La aceptación de un hecho, sea una epidemia de viruela, una inundación o un período de desorden, surge de existir una mayoría no afectada. "Pobres, ¿no? ¡Qué suerte que no me tocó!" La evidencia está a la vista en la memoria de los años setenta, década ya sumergida en muertos buenos y malos o en la indiferencia. Hay situaciones más recientes. En 2002, hubo cien policías, de la Federal y la bonaerense, asesinados en acción. Fuera de los deudos y algunos colegas, pocos lloraron. Los policías son de otra clase; pueden ser ignorados. Los barrabravas no tienen en su haber tantas víctimas fatales, pero hasta que las causen seguirán siendo "ellos" y no estarán entre "nosotros", por más dinero que les faciliten sus clubes o los políticos que los emplean.
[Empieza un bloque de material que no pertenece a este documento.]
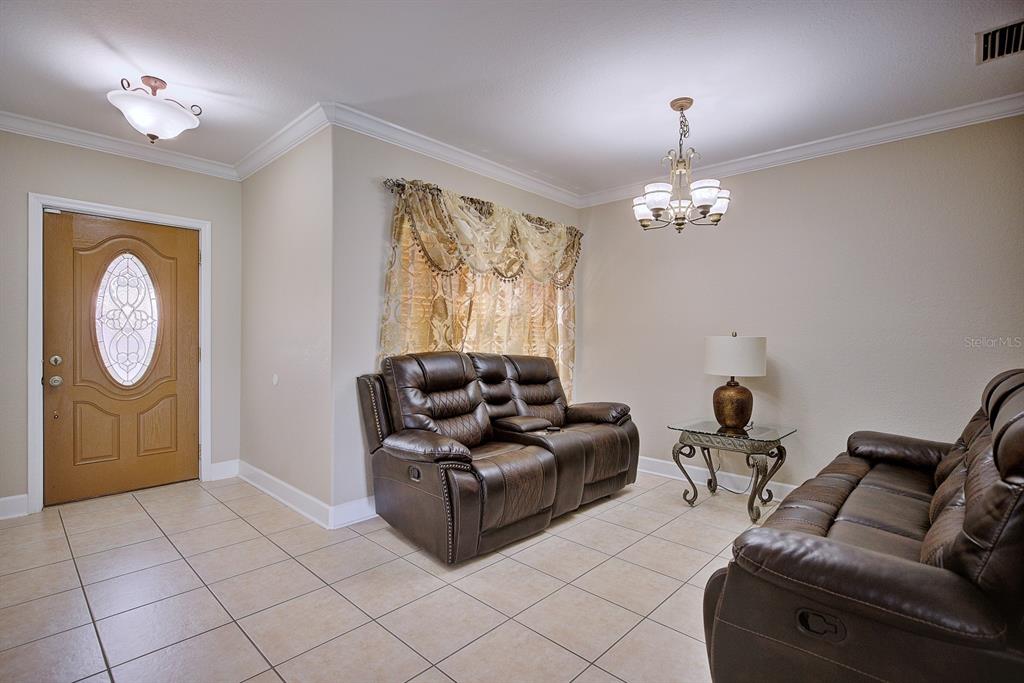 A living room features tile flooring, two brown leather recliners, and a glass-topped side table — 4050 PLACID LAKES BOULEVARD, LAKE PLACID, FL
Sería un error pensar que el auge de la violencia urbana o las profundas deficiencias sociales que enfatizaron cuatro años de crisis económica nos dieron el monopolio de la estupidez y la insaciable sed de venganza que es patente en los barrabravas cuando compiten para demostrar su bajeza.
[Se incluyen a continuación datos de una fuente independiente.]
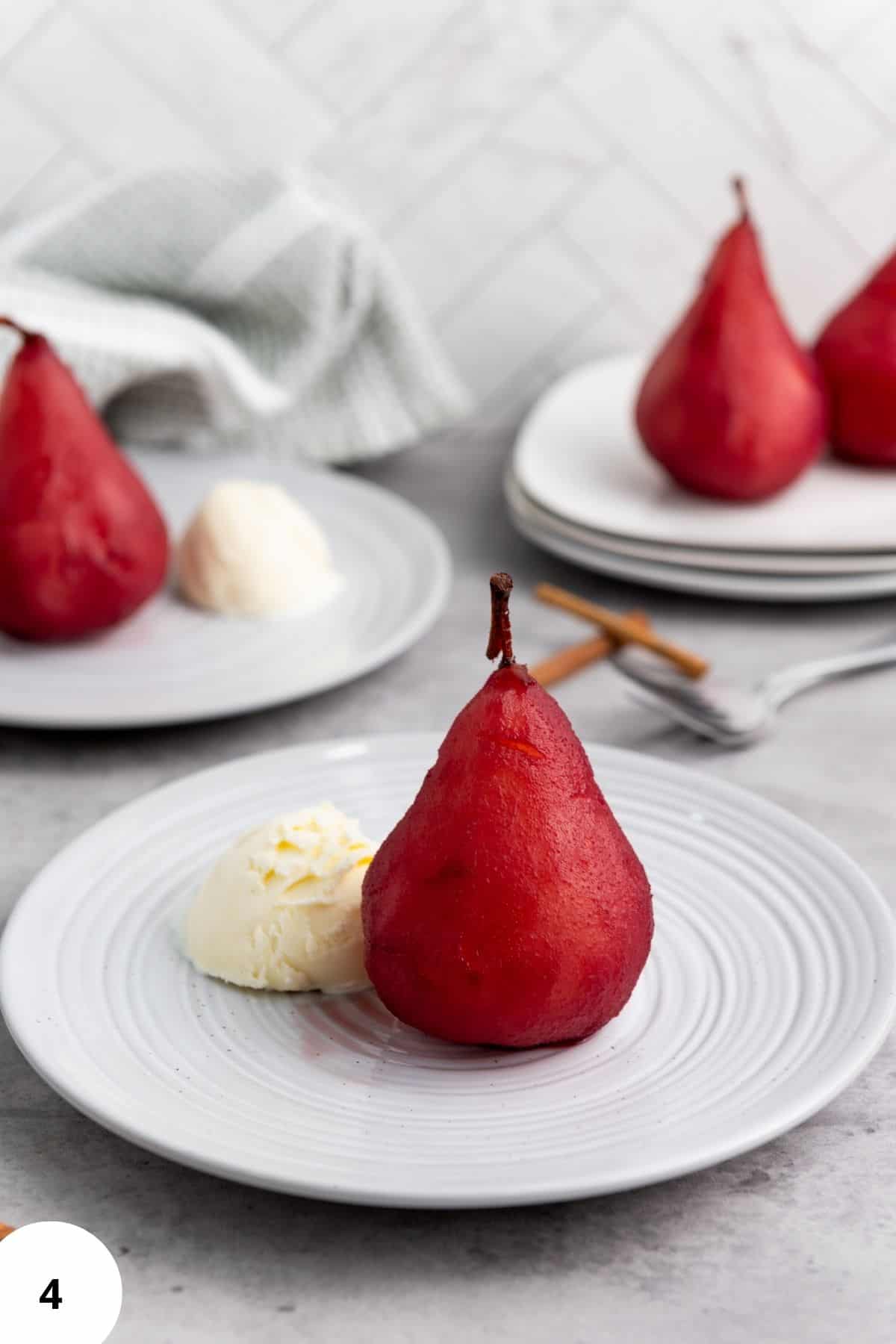 A plates with a red wine poached pear in the center served with a scoop of vanilla ice cream.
En los años setenta y ochenta, el "terror deportivo" se instaló en Europa. Fue casi normal que las hordas de hooligans ingleses arrasaran sectores de ciudades en vísperas de partidos de fútbol, durante y después de ellos. Para rechazarlos, los alemanes criaron su especie de herederos de Hitler (la frase es tomada del premio Nobel de Literatura 1972, Heinrich Böll (1917-85), al referirse a los terroristas de la banda Baader-Meinhoff), y los holandeses, entre otros, nutrieron a sus bárbaros propios en los zanjones que abre el extremismo político.
Una serie de acciones coordinadas entre fuerzas policiales logró aislar a cabecillas, apresarlos, imponer severas multas por daños, prohibir cruces de fronteras y así neutralizar a los peores. Pero fueron necesarias las numerosas muertes en el estadio de Heisel, Bélgica, en 1985, para poner fin a lo que crecía como una vergüenza social.
Hoy, la imbecilidad narcisista de los hoolies (hasta lograron un diminutivo afectuoso) se ha canalizado en un torrente de memorias del atropello. Hay decenas de títulos en las librerías de la Web, lamentablemente incluidos entre "libros deportivos". Es preferible su otra clasificación, la de "hooliporno". Los editores informan que esta biblioteca británica se vende muy bien en Alemania y Japón. Vaya uno a saber por qué. Sin embargo, estos textos, dañinos en su efecto potencial, son evidencia pasiva de que esa tropa urbana puede ser derrotada en la acción.